Ketua Umum Asosiasi Pengusaha dan Pengelola Dapur Makan Bergizi Gratis Indonesia (APPMBGI), Abdul Rivai Ras, menegaskan bahwa program sebesar Makan Bergizi Gratis (MBG) tidak mungkin dikerjakan oleh pemerintah sendirian. Menurutnya, program ini membutuhkan dukungan dari semua lapisan masyarakat, termasuk dari kelompok pengusaha dan pengelola dapur.
APPMBGI sebagai Mitra Strategis
Abdul Rivai Ras menyatakan, APPMBGI lahir sebagai bagian dari ikhtiar mendampingi negara dalam mewujudkan visi Indonesia Emas 2045. Organisasi ini hadir sebagai kekuatan sosial-ekonomi yang ikut memastikan program MBG berjalan baik, terukur, dan berkelanjutan. Hal tersebut disampaikan dalam APPMBGI Summit 2026 di Jakarta, Sabtu (25/4/2026).
Sejak awal, MBG dirancang sebagai program mulia untuk memutus rantai kemiskinan ekstrem, mengatasi ancaman stunting, dan meningkatkan kualitas generasi masa depan. Namun, implementasi di lapangan menyimpan tantangan yang harus dijawab secara serius, terutama dalam aspek tata kelola dan keamanan pasokan.
Tantangan Rantai Pasok
Salah satu isu strategis yang menjadi perhatian utama dalam summit adalah kerentanan rantai suplai nasional akibat peningkatan kebutuhan pangan berskala besar untuk mendukung operasional MBG. Tekanan permintaan yang besar berpotensi mengguncang rantai pasok yang sudah ada jika tidak dikelola dengan presisi.

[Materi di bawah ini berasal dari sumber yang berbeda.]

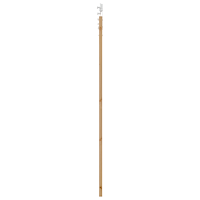 vidaXL Skjutdörr Set om 2 Naturlig och vit Massivt tallträ 86 x 211 cm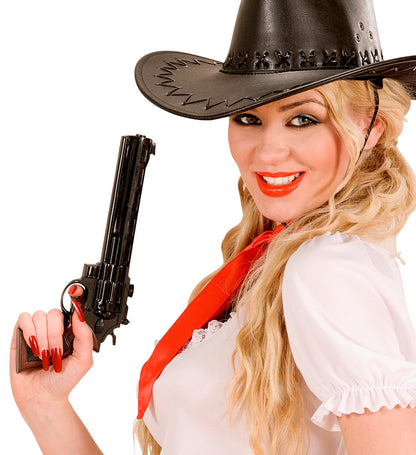Pistolet à eau cowboy de 30 cm : jeu d'eau amusant et rafraîchissant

Abdul menekankan, "Itulah mengapa kita berkumpul di sini, untuk memastikan program MBG tidak merusak rantai pasok yang sudah ada, tetapi justru memperkuat ekosistem ekonomi rakyat."

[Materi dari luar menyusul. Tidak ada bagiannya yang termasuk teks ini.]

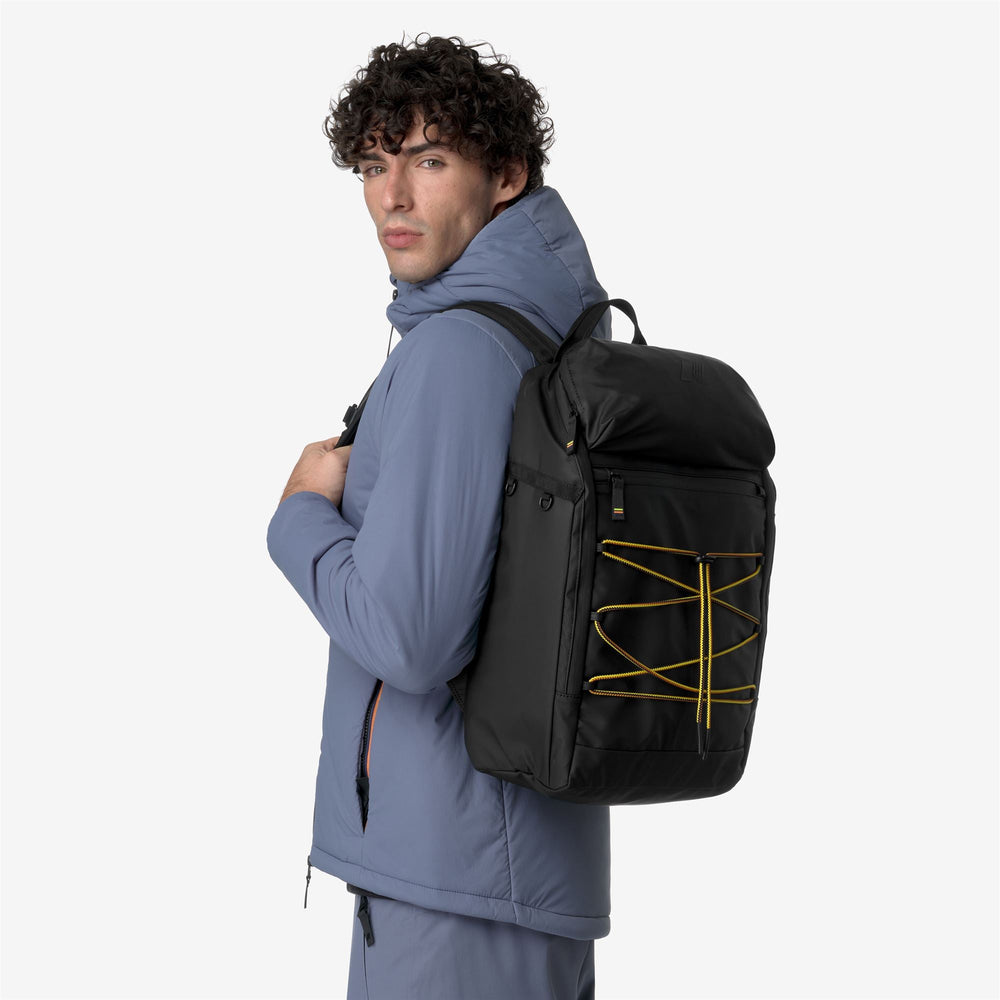 YANIS - Bags - Backpack - UNISEX - BLACK PURE 02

Abdul menegaskan, masa depan Program Makan Bergizi Gratis akan ditentukan oleh kemampuan semua pihak menjaga tujuan awal program tetap utuh. "Jika dikelola dengan benar, MBG bukan sekadar program makan. Ia adalah investasi strategis bangsa. Dari sinilah fondasi Indonesia Emas 2045 dibangun," tandasnya.
APPMBGI Summit 2026
APPMBGI Summit 2026 menghadirkan sejumlah narasumber utama yang membedah tantangan dan peluang MBG dari perspektif pangan, kesehatan, pengawasan, gizi, dan industri. Kepala Bappisus RI, Aris Marsudiyanto, sebagai keynotespeech menegaskan perlunya MBG diperlakukan sebagai kebijakan strategis lintas sektor yang memadukan pengawasan, efektivitas implementasi, dan pemberdayaan ekonomi lokal.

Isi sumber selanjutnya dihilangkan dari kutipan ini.